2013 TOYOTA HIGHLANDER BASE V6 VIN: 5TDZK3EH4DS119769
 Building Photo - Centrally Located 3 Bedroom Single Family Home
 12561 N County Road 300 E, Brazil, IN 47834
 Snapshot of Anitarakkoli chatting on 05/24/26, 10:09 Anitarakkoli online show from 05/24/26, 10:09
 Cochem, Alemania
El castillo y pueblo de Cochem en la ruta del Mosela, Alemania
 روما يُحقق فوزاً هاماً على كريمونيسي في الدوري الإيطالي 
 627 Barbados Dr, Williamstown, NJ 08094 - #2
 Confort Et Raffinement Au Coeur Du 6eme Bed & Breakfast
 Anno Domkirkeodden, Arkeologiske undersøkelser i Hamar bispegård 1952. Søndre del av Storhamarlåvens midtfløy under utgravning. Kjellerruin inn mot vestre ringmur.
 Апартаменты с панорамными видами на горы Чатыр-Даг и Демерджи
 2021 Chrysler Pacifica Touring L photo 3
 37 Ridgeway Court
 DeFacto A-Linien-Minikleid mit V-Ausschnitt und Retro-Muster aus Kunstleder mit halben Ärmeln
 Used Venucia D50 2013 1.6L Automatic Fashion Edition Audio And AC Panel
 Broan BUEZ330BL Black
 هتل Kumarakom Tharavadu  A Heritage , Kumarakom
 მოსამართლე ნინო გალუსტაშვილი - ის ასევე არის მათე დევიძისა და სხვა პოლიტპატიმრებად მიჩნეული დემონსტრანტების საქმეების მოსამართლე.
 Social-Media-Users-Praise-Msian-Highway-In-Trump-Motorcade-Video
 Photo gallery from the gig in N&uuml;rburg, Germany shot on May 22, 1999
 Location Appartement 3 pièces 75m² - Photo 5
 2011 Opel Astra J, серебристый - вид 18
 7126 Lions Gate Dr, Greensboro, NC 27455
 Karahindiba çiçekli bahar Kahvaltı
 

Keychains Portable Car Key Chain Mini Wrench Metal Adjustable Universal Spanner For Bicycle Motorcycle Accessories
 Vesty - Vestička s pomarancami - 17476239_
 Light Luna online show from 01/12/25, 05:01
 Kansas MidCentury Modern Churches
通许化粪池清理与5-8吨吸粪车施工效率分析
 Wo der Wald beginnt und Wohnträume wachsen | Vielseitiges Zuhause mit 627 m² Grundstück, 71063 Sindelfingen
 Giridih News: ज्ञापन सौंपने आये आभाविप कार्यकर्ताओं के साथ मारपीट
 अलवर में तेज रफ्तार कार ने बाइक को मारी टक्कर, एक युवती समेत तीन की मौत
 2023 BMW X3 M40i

-------

§ **TASK GOAL**
From the first line to the last, reproduce the data above exactly.

§ **WRITTEN REPLY**
2013 TOYOTA HIGHLANDER BASE V6 VIN: 5TDZK3EH4DS119769
 Building Photo - Centrally Located 3 Bedroom Single Family Home
 12561 N County Road 300 E, Brazil, IN 47834
 Snapshot of Anitarakkoli chatting on 05/24/26, 10:09 Anitarakkoli online show from 05/24/26, 10:09
 Cochem, Alemania
El castillo y pueblo de Cochem en la ruta del Mosela, Alemania
 روما يُحقق فوزاً هاماً على كريمونيسي في الدوري الإيطالي 
 627 Barbados Dr, Williamstown, NJ 08094 - #2
 Confort Et Raffinement Au Coeur Du 6eme Bed & Breakfast
 Anno Domkirkeodden, Arkeologiske undersøkelser i Hamar bispegård 1952. Søndre del av Storhamarlåvens midtfløy under utgravning. Kjellerruin inn mot vestre ringmur.
 Апартаменты с панорамными видами на горы Чатыр-Даг и Демерджи
 2021 Chrysler Pacifica Touring L photo 3
 37 Ridgeway Court
 DeFacto A-Linien-Minikleid mit V-Ausschnitt und Retro-Muster aus Kunstleder mit halben Ärmeln
 Used Venucia D50 2013 1.6L Automatic Fashion Edition Audio And AC Panel
 Broan BUEZ330BL Black
 هتل Kumarakom Tharavadu  A Heritage , Kumarakom
 მოსამართლე ნინო გალუსტაშვილი - ის ასევე არის მათე დევიძისა და სხვა პოლიტპატიმრებად მიჩნეული დემონსტრანტების საქმეების მოსამართლე.
 Social-Media-Users-Praise-Msian-Highway-In-Trump-Motorcade-Video
 Photo gallery from the gig in N&uuml;rburg, Germany shot on May 22, 1999
 Location Appartement 3 pièces 75m² - Photo 5
 2011 Opel Astra J, серебристый - вид 18
 7126 Lions Gate Dr, Greensboro, NC 27455
 Karahindiba çiçekli bahar Kahvaltı
 

Keychains Portable Car Key Chain Mini Wrench Metal Adjustable Universal Spanner For Bicycle Motorcycle Accessories
 Vesty - Vestička s pomarancami - 17476239_
 Light Luna online show from 01/12/25, 05:01
 Kansas MidCentury Modern Churches
通许化粪池清理与5-8吨吸粪车施工效率分析
 Wo der Wald beginnt und Wohnträume wachsen | Vielseitiges Zuhause mit 627 m² Grundstück, 71063 Sindelfingen
 Giridih News: ज्ञापन सौंपने आये आभाविप कार्यकर्ताओं के साथ मारपीट
 अलवर में तेज रफ्तार कार ने बाइक को मारी टक्कर, एक युवती समेत तीन की मौत
 2023 BMW X3 M40i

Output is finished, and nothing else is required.